O pertencimento que está em jogo aqui é do homem com seu espaço, e o filme trata exatamente de formas de habitá-lo, de estar presente neste lugar específico. Habitar é justamente estar presente em um espaço determinado. É temporal e espacial. A pergunta que se coloca é "como estar junto?" Pois é isso que Juan faz. Sua aparente solidão é criada pelo nosso olhar sobre ele; ele não parece se sentir assim. Seu silêncio é o que permite que escutemos toda a vida dos espaços por onde ele passa, e a música que os preenche. Ao contrário de um afastamento, o efeito desse calar parece clamar pela necessidade de escutar, de escutar os lugares, os ambientes e tudo mais que não fala. O som é um dos sentidos que mais nos dá a noção do espaço onde ocupamos, pois ele nos dá informações de todo nosso entorno. Mais do que a visão, ele é o sentido que nos situa no espaço. Aqui, ele serve ao mesmo tempo para criar desconexão e para gerar uma nova ligação, pois se Juan está de fones, à princípio só focado em si mesmo e não ouvindo os barulhos do mundo, ele parece compensar isso pelo prazer de cruzar os espaços - e a música não cessa sua relação com eles, mas a ressignifica: trata-se uma operação de montagem.

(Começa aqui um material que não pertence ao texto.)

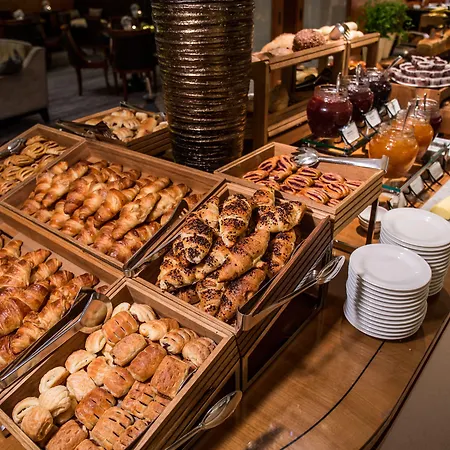 Intercontinental By Ihg 5*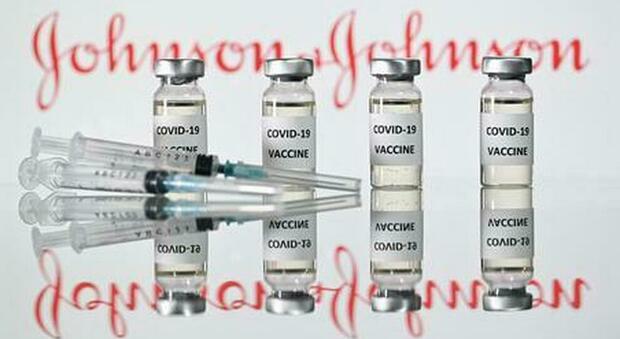 Vaccino Johnson&Johnson, l'Ema non impone limiti: «Benefici superano rischi, trombosi eventi rari»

Tal operação de ressignifigação desse "estar" num espaço específico lida, também, com a questão do luto e da família. Hiroshima é o primeiro filme de Pablo Stoll após o suicídio de seu parceiro de trabalho Juan Pablo Rebella (o filme é dedicado a ele), com quem dirigiu Whisky e 25 Watts, filmes centrais da produção recente de seu país. E Juan, o protagonista, é irmão de Pablo Stoll, e interpreta a si mesmo. Hiroshima é também, pois, um documentário sobre Juan: seu estilo de vida, seus amigos, sua namorada e sua família. A cena em que encontra um filme de família no armário só reafirma esse caráter. O que o reconfigura é ele estar ali, no cinema, ter sido tirado do círculo da "família" e exposto ao público. Ele foi colocado à venda, como faz o próprio Juan. E só assim, fora desse círculo, mudando de contexto, de espaço de circulação, é que ele pode adquirir outros sentidos, ganhar uma nova vida. Ao contrário do desejo de preservação que motiva as nossas gravações cotidianas ("para podermos nos lembrar"), aqui é preciso esquecer, deixar, aumentar o círculo, mudar o contexto, para poder permitir que outras relações nasçam daquelas imagens. É preciso deixar os sentidos do passado e começar de novo, tendo atenção absoluta ao presente, se misturando a ele.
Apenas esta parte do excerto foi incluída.